India’s primary instrument for this purpose, the Geographical Indications of Goods (Registration and Protection) Act, 1999 (hereinafter ‘GI Act’), grants protection to goods whose quality, reputation, or characteristic is essentially attributable to their geographical origin.[4]
While this framework affords meaningful protection against mislabelling, preventing, for example, the sale of a Surat-woven fabric as ‘Banarasi’ , it provides no cognisable remedy when a Paris-based house extracts the motif system of Banarasi brocade and incorporates it into a couture collection manufactured elsewhere.[5]
This article poses the following research question: Does India’s existing GI regime adequately protect the design and motif dimensions of traditional textiles from global luxury brand misappropriation, and if not, what sui generis reforms are warranted? The article proceeds as follows: Section II establishes the background and conceptual framework, surveying relevant statutes and prior scholarship. Section III conducts the core legal analysis. Section IV examines pertinent case law. Section V offers critical analysis and findings. Section VI concludes with reform recommendations.
Background and Conceptual Framework
The international legal framework for Geographical Indications (GIs), anchored in TRIPS Articles 22–24, mandates that WTO Member States prevent misleading origin claims.[6] India operationalized this through the GI Act, 1999, and the 2002 Rules, defining GIs as signs identifying goods with qualities essentially attributable to their specific geography.[7]
The GI Act defines a geographical indication as a sign used on goods that have a specific geographical origin and possess qualities, reputation, or characteristics essentially attributable to that origin.[8] The statute establishes two principal categories of registrable applicants: associations of persons or producers representing the interests of the producers of the goods, and authorised users who are entitled to use the registered indication. Enforcement of these rights is further operationalised through the Geographical Indications of Goods (Registration and Protection) Rules, 2002, which prescribe the procedural framework governing registration, opposition, and protection.[9]

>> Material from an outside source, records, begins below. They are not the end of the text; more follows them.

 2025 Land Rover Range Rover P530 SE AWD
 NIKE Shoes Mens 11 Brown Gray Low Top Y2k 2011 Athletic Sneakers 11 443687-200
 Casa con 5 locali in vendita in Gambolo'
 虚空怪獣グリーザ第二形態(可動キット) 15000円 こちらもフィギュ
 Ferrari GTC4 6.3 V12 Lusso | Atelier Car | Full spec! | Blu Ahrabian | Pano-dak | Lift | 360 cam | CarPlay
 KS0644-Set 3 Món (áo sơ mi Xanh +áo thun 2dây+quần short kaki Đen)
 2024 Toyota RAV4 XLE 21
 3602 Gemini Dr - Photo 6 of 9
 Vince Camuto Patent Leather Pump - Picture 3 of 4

Academic scholarship on geographical indications and traditional knowledge has long identified the structural tension between intellectual property systems based on individual authorship and traditional knowledge regimes characterised by collective and intergenerational creativity. Scholars such as Madhavi Sunder and Anupam Chander have argued that conventional intellectual property doctrines inadequately capture the communal and cumulative nature of traditional cultural production.⁵ Their influential critique of the “romance of the commons” highlights how treating traditional knowledge as freely accessible public domain material can inadvertently privilege the extractive capacities of well-resourced corporations while undermining the economic interests of the communities that developed such knowledge.[10]
At the domestic level, empirical studies conducted by the National Institute of Fashion Technology and the Office of the Development Commissioner for Handlooms have documented the economic vulnerability of artisan communities whose design heritage is frequently appropriated in international fashion markets while remaining undervalued within domestic supply chains.Furthermore, the Parliamentary Standing Committee on Commerce in its 2021 report on the functioning of the GI Act acknowledged the limitations of the current framework in protecting design elements associated with traditional goods and recommended legislative reconsideration of the existing regime.[11]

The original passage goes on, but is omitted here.